Рокоссовского глубоко задел этот эпизод. И дело состояло не в самом запрете 16-й армии отходить за Истринское водохранилище. Уже после войны, в беседе со слушателями Академии имени Фрунзе, маршал подчеркивал: «Жуков был не прав, а допущенная им в этот день при разговоре по телефону ВЧ грубость переходила всякие границы. Я заявил, что если он не изменит тона, то прерву разговор».

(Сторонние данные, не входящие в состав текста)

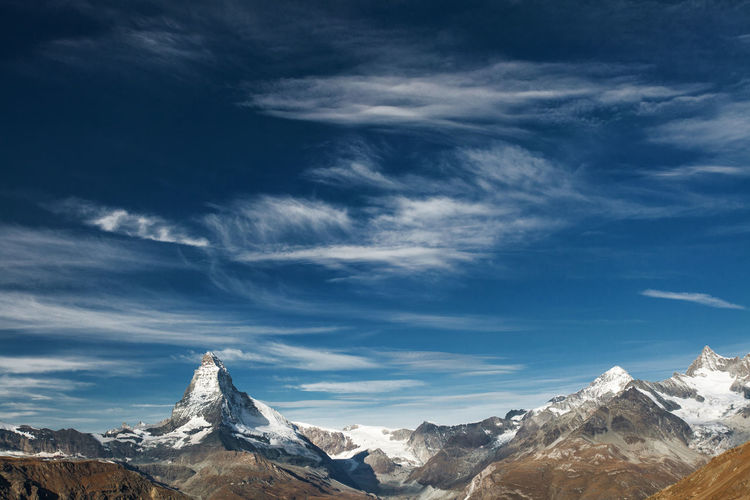 Scenic view of snowcapped mountains against sky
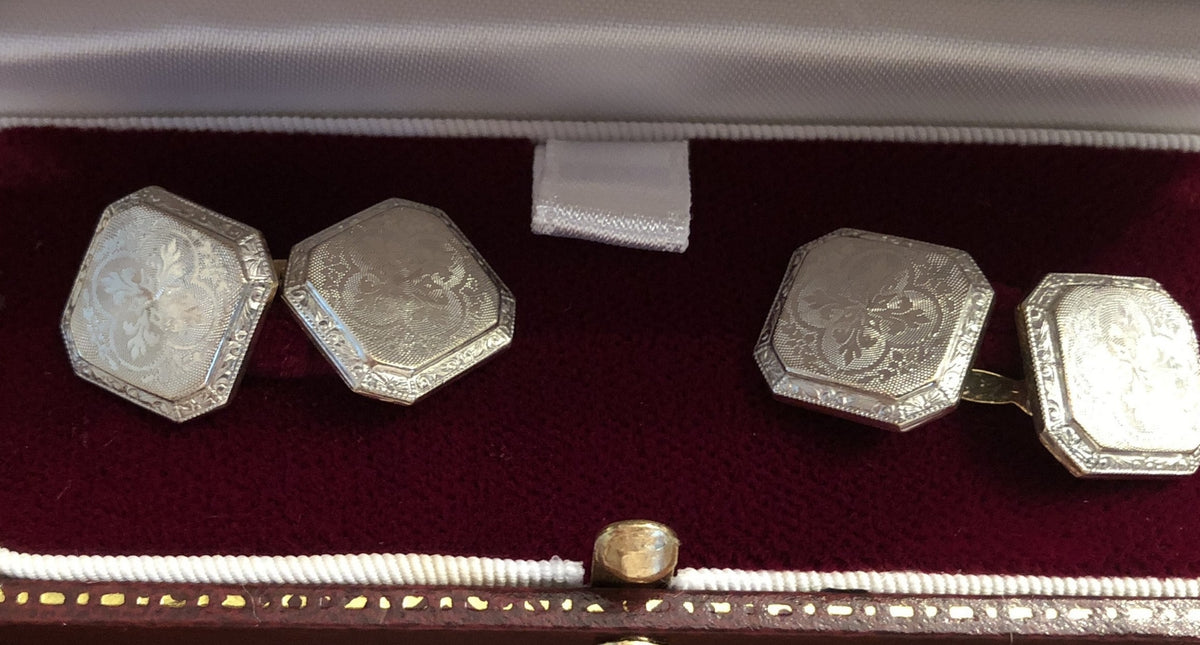 Vintage Art Deco Quatrefoil Engraved Men's Cufflinks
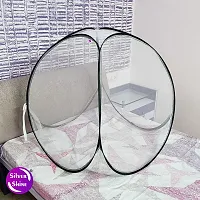 Silver Shine Mosquito net for Baby Protection Polyester Foldable Light Weight 2.4 mm Strong PVC Coated Steel (White Black)-thumb2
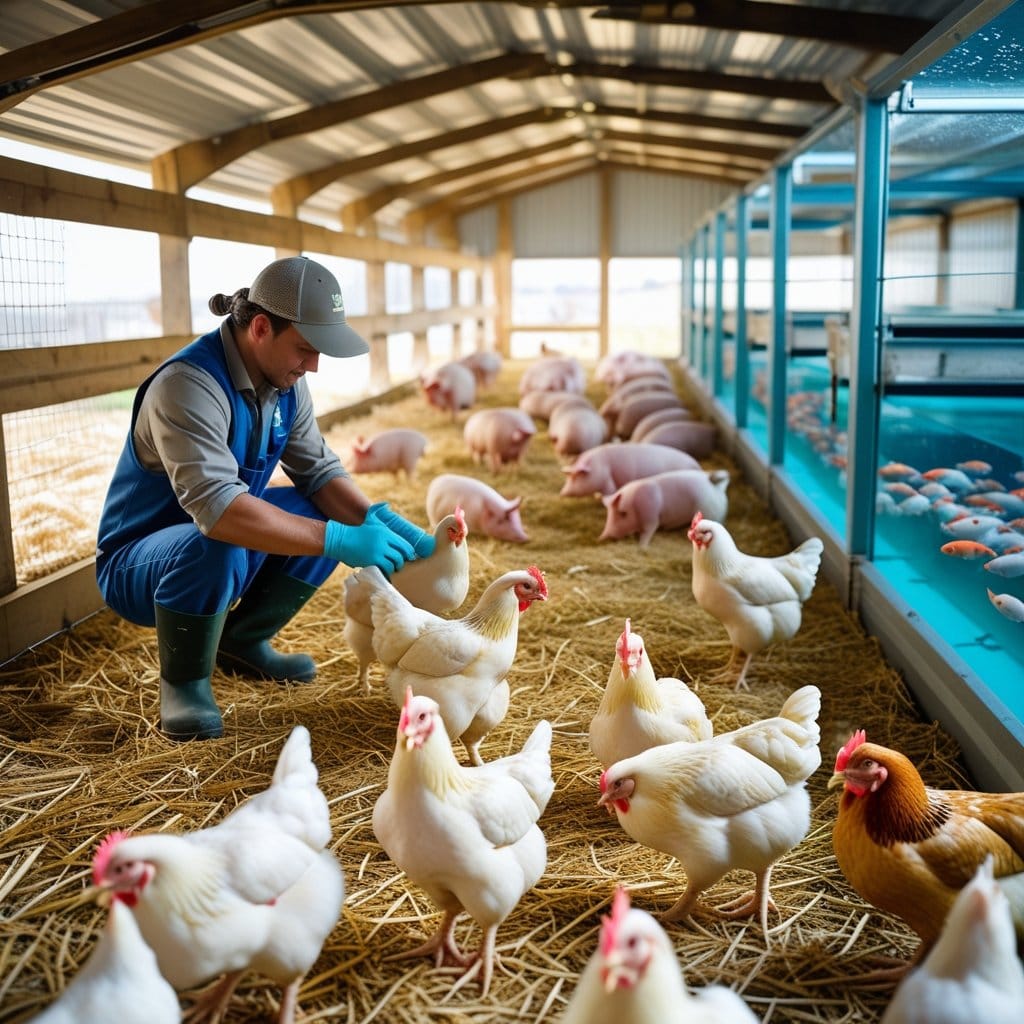 Financiamentos para custeio:: Fazendeiro inspecionando galinhas em um galpão, porcos em um curral próximo e tanques de piscicultura com peixes nadando.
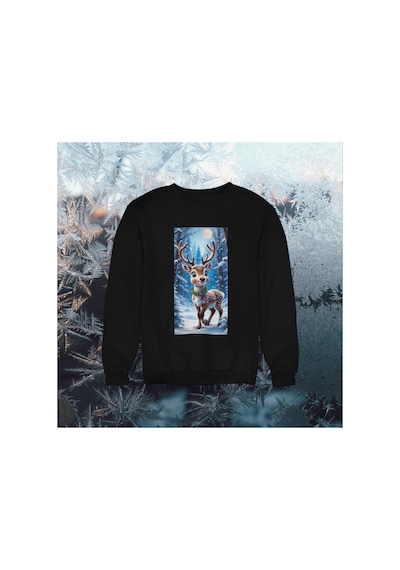 Stil X Yeni Yıl Baskılı Kız Çocuk Sweatshırt, Chrıstmas Temalı Siyah-10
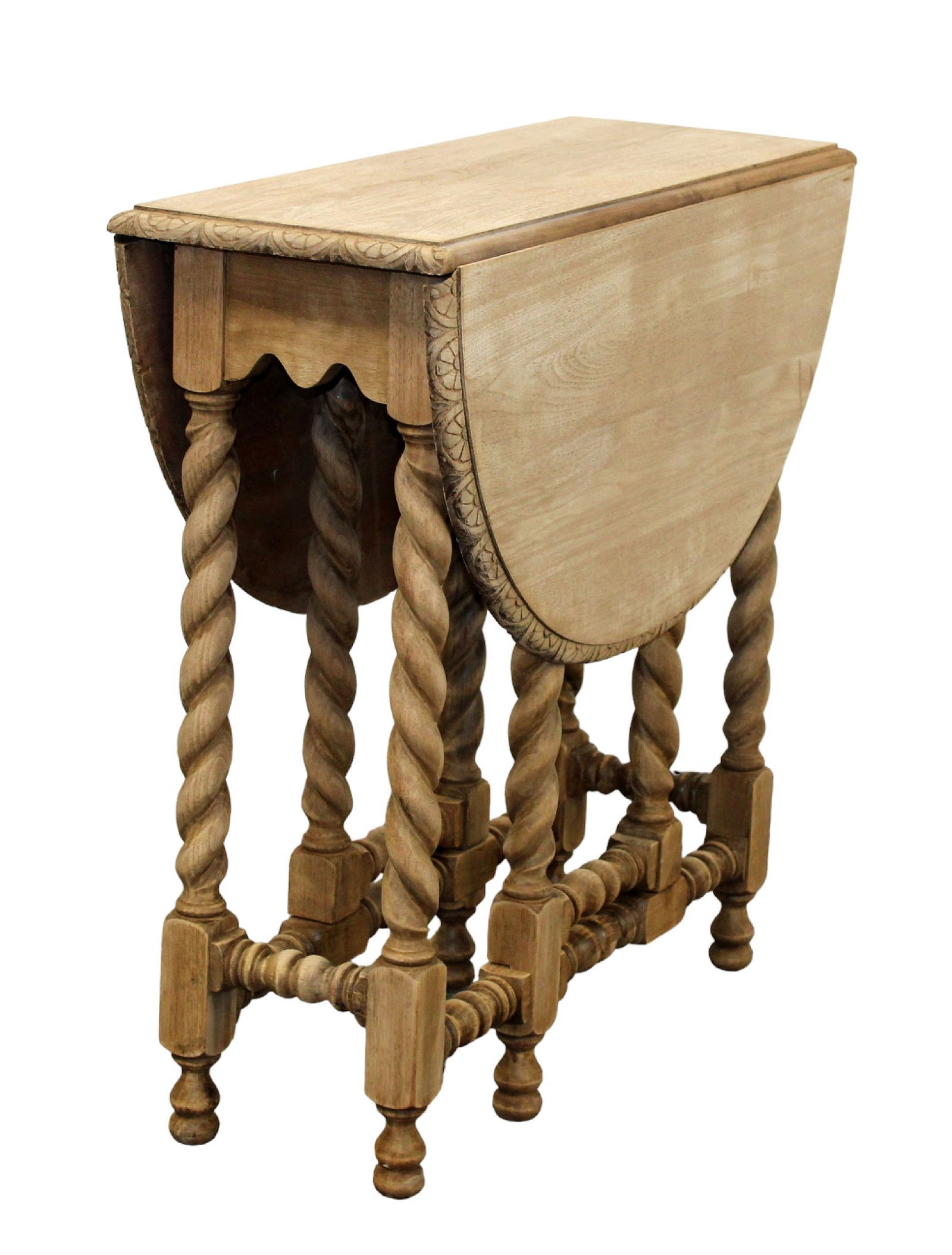 French gate leg drop side drop side table on barley twist legs (1 of 6)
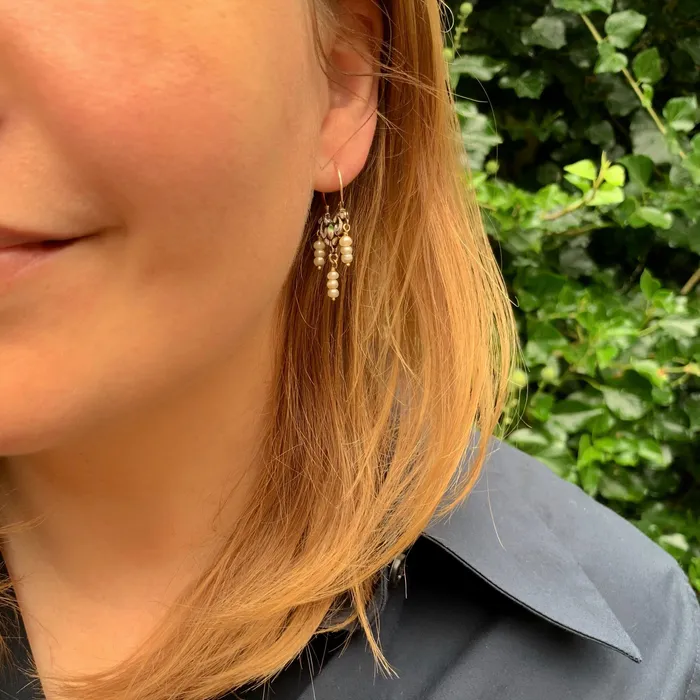 Sicilian Pearl Enamel Navicella Earrings 21stfinds Earrings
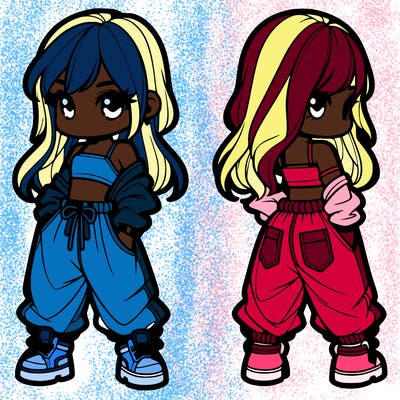 girl in crop top and baggy pants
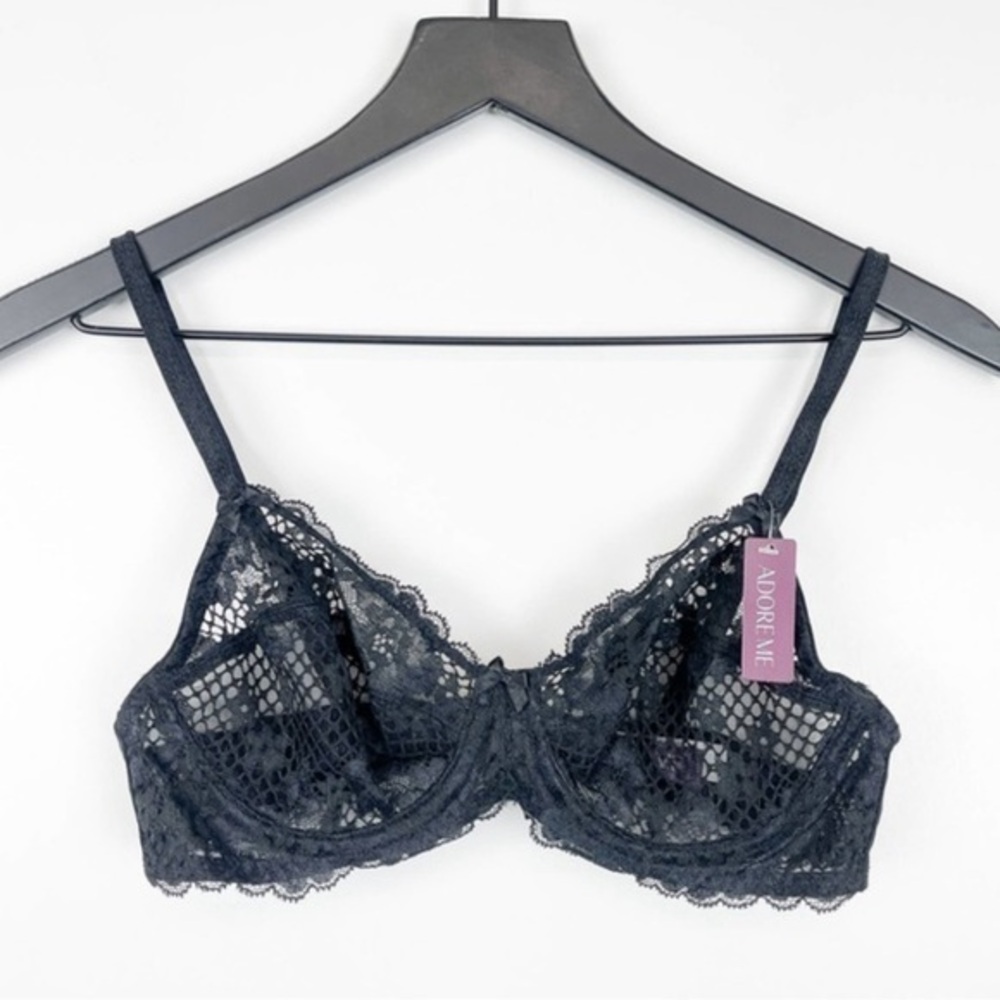 New Adore Me Black Lace Underwire Bra Size 32B NWT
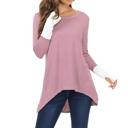 Small MAUVE HI-LOW STRIPE TUNIC WITH THUMB HOLE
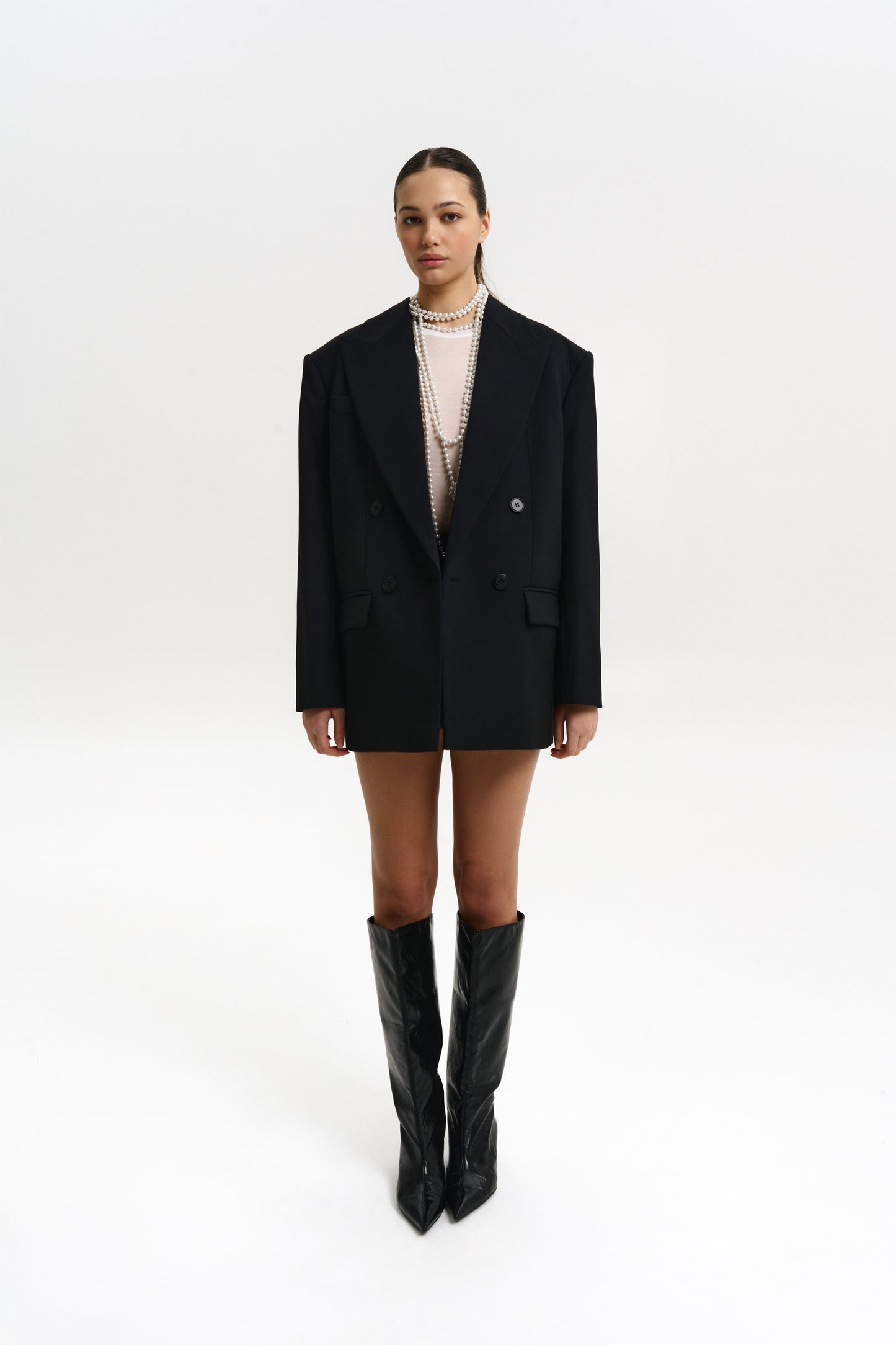 BAZHANE Жакет вовняний двобортний оверсайз з підплічниками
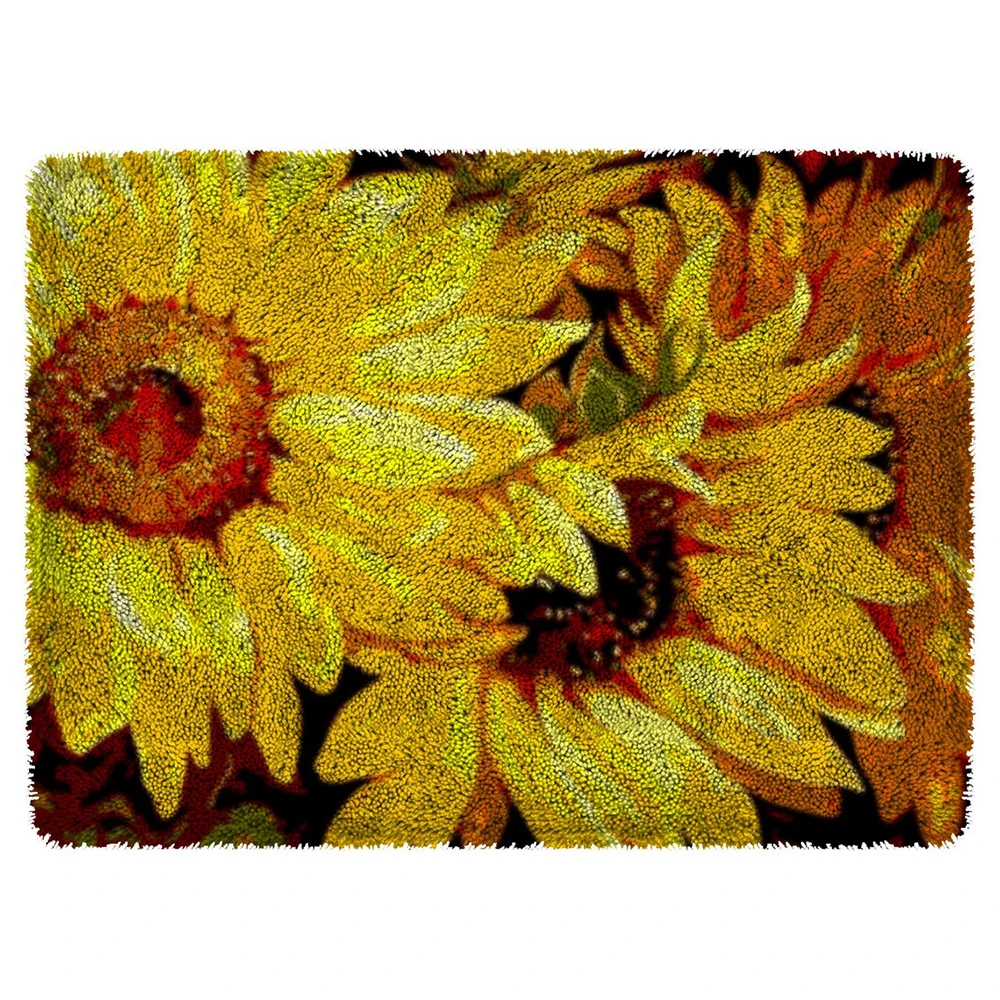 

Hobby crafts Latch hook rug kits with Pre-Printed Pattern Sunflowers Tapestry Embroidery Plastic canvas Handcrafts diy bag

Впрочем, Жуков был не прав и по существу решения. Пытаясь перехватить инициативу, он действовал импульсивно. Он приказал нанести удар группой генерала Доватора, усиленной остатками 44-й кавалерийской дивизии, в тыл солнечногорской группировки немцев. Но неподготовленный удар успеха не принес. Вскоре подтвердились и своевременно высказанные Рокоссовским опасения: 16-й армии пришлось отступить с неудачной позиции. В результате «на плечах отступавших, немцы форсировали Истринское водохранилище. Амбициозность самолюбивого Жукова обернулась обострением обстановки.

Теперь 16-й армии пришлось отступить даже дальше, чем предусмотрительно предлагал Рокоссовский. 23 ноября советские части оставили Клин, а 25-го пал Солнечногорск. Немецким полководцам уже казалось, что достаточно решительного нажима – и советская столица падет к их ногам. Вечером 28 ноября 7-я немецкая танковая дивизия, захватив мост у Яхромы, прорвалась через канал Москва – Волга.

Сталин внимательно следил за развитием событий. Ухудшение обстановки на участке фронта Жукова заставило его ввести в действие в районе Яхромы 1-ю ударную, а южнее, за рубежом Белый Раст—Крюково, 20-ю армии из стратегического резерва. Разговаривая непосредственно с командующим 1-й ударной армией В.И. Кузнецовым, Сталин потребовал: «Прорыв обороны в районе Яхромы и захват противником плацдарма на восточном берегу канала представляют серьезную опасность для Москвы. Примите все меры к нанесению контрудара по прорвавшейся группировке противника. Остановите продвижение и отбросьте противника за канал. На вас возлагаю личное руководство контрударом».